[Collected data entries]

* * * * * * *

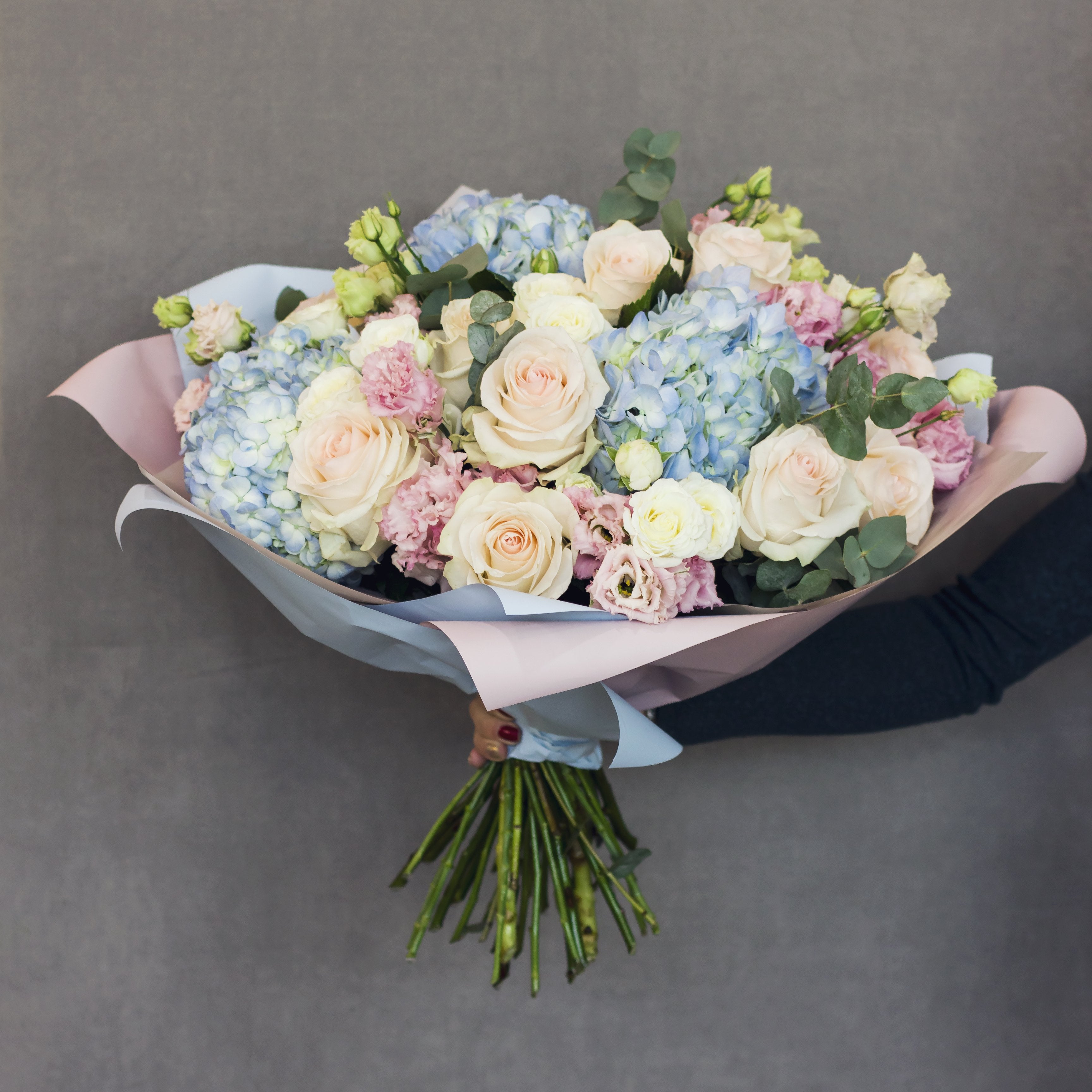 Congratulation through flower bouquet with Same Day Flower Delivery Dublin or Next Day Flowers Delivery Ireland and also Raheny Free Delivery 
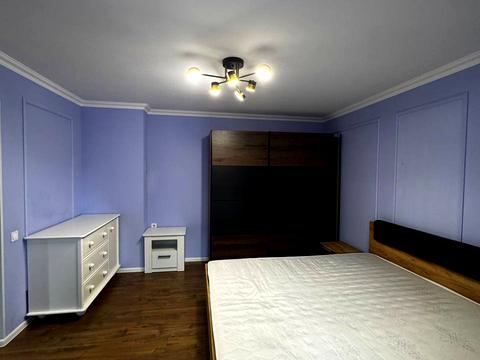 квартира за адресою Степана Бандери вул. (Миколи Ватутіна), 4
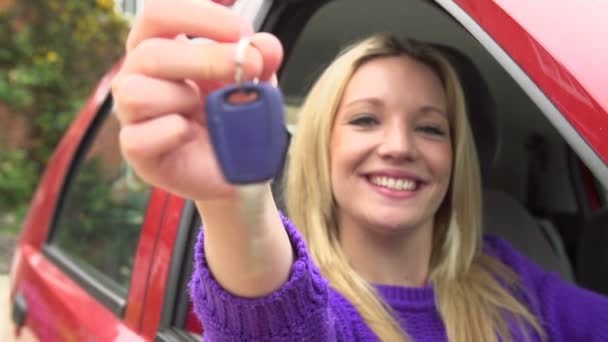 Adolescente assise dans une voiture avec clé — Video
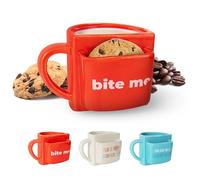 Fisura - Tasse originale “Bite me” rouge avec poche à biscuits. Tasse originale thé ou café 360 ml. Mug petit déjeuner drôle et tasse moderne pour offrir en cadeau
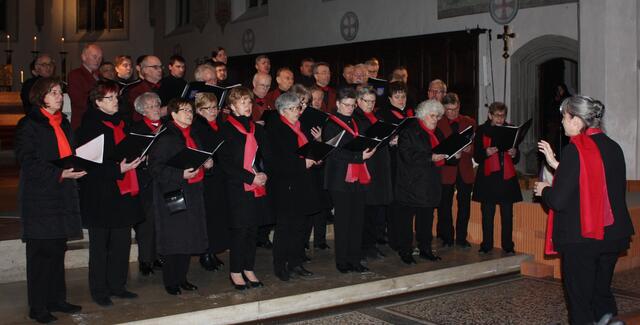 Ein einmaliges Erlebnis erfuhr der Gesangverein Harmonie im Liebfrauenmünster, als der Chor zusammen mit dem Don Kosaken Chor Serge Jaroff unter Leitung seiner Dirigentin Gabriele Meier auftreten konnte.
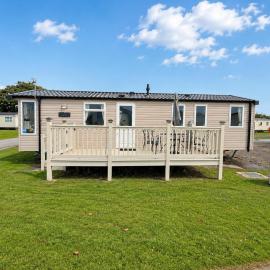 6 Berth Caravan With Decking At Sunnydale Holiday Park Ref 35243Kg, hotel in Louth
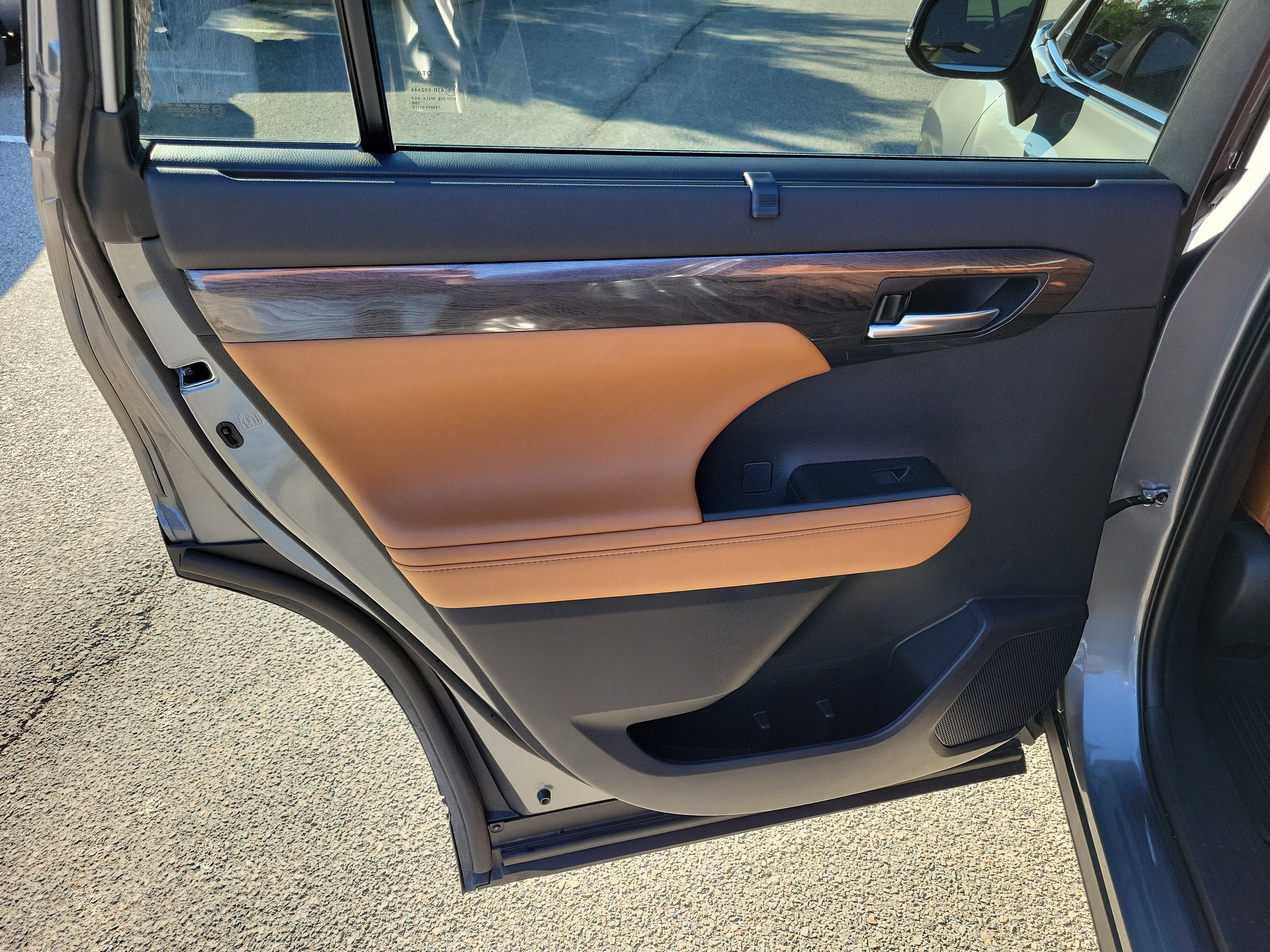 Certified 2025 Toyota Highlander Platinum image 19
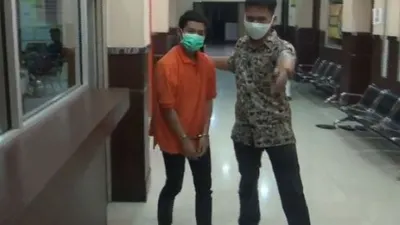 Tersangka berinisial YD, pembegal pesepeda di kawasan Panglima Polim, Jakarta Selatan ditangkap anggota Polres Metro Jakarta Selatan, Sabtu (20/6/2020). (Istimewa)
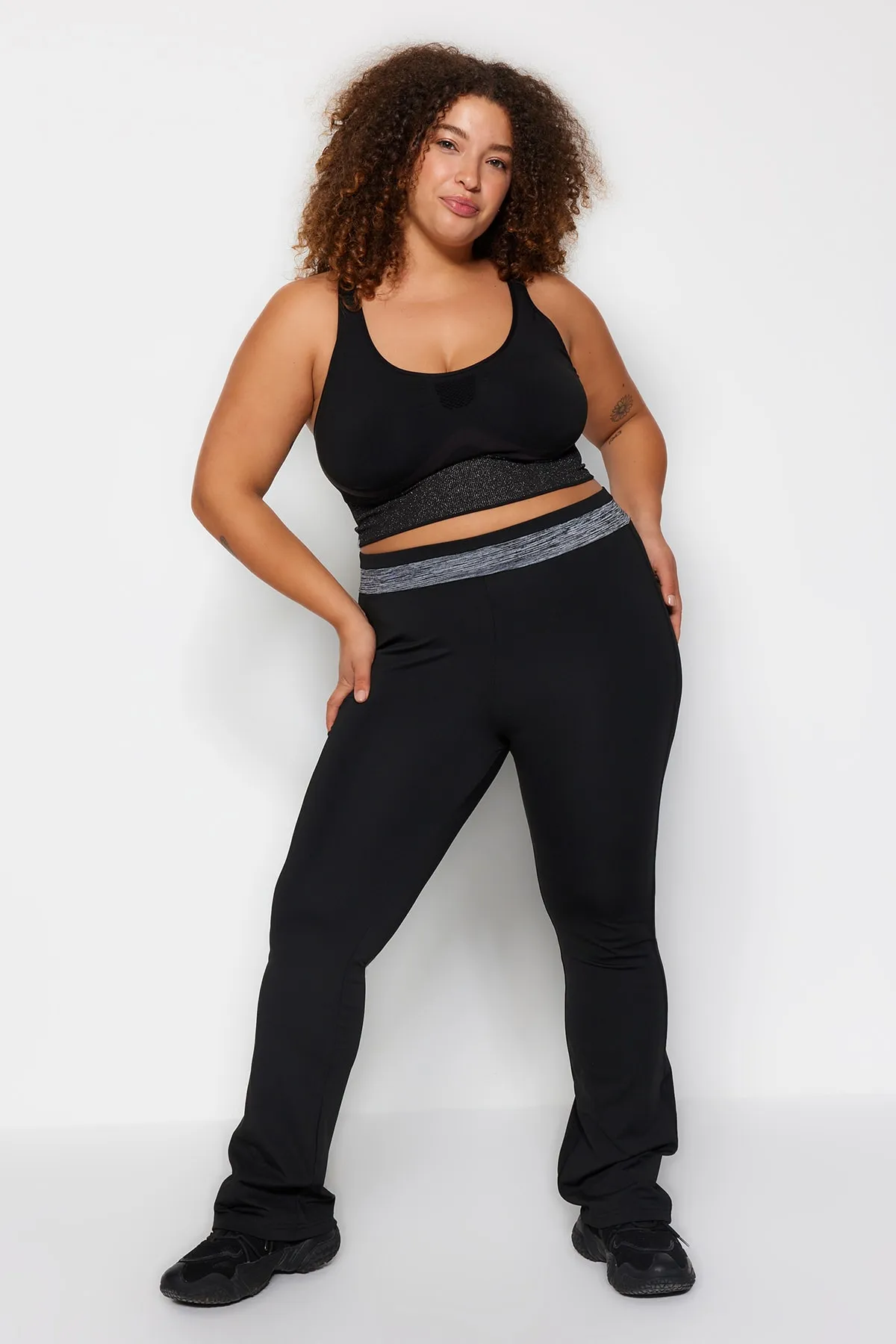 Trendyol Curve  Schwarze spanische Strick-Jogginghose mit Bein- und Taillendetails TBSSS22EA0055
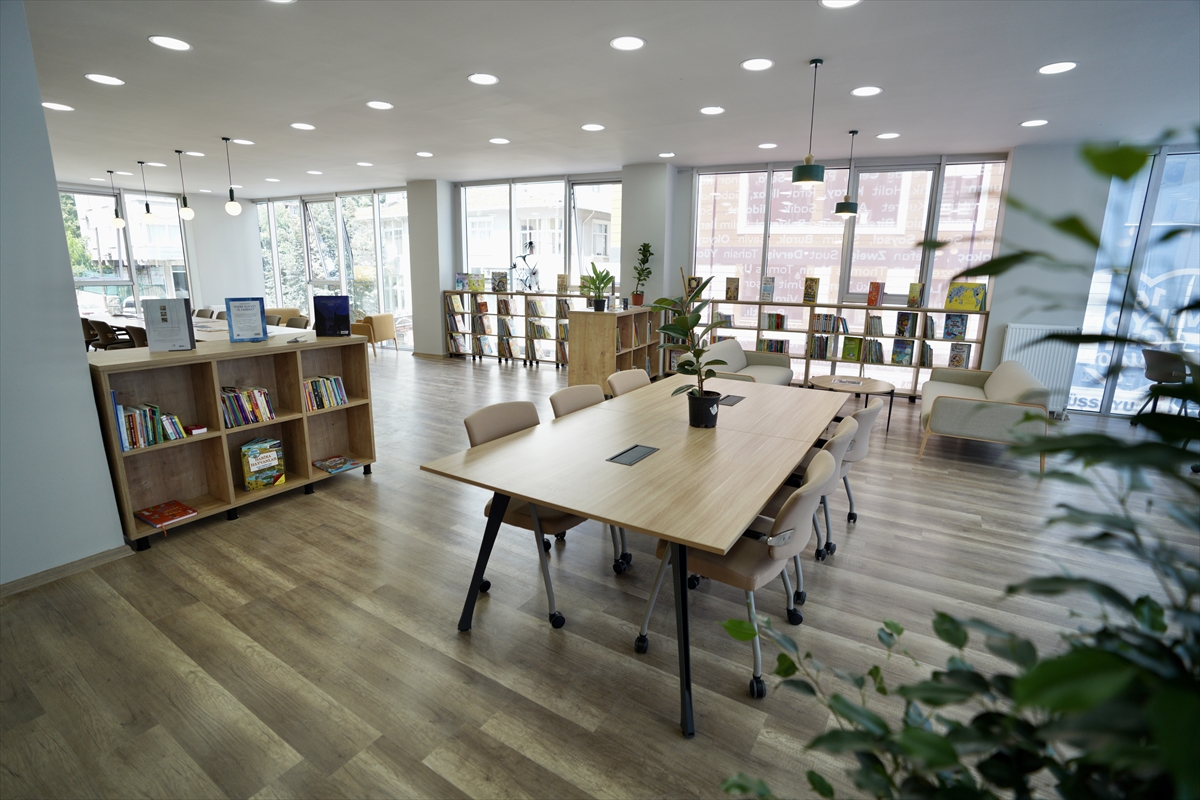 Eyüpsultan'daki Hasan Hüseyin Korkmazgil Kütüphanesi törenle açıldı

* * * * * * *

◆ Required work: Could you repeat all of the entries exactly, without any of the images?

◆ Exercise result:
 Congratulation through flower bouquet with Same Day Flower Delivery Dublin or Next Day Flowers Delivery Ireland and also Raheny Free Delivery 
 квартира за адресою Степана Бандери вул. (Миколи Ватутіна), 4
 Adolescente assise dans une voiture avec clé — Video
 Fisura - Tasse originale “Bite me” rouge avec poche à biscuits. Tasse originale thé ou café 360 ml. Mug petit déjeuner drôle et tasse moderne pour offrir en cadeau
 Ein einmaliges Erlebnis erfuhr der Gesangverein Harmonie im Liebfrauenmünster, als der Chor zusammen mit dem Don Kosaken Chor Serge Jaroff unter Leitung seiner Dirigentin Gabriele Meier auftreten konnte.
 6 Berth Caravan With Decking At Sunnydale Holiday Park Ref 35243Kg, hotel in Louth
 Certified 2025 Toyota Highlander Platinum image 19
 Tersangka berinisial YD, pembegal pesepeda di kawasan Panglima Polim, Jakarta Selatan ditangkap anggota Polres Metro Jakarta Selatan, Sabtu (20/6/2020). (Istimewa)
 Trendyol Curve  Schwarze spanische Strick-Jogginghose mit Bein- und Taillendetails TBSSS22EA0055
 Eyüpsultan'daki Hasan Hüseyin Korkmazgil Kütüphanesi törenle açıldı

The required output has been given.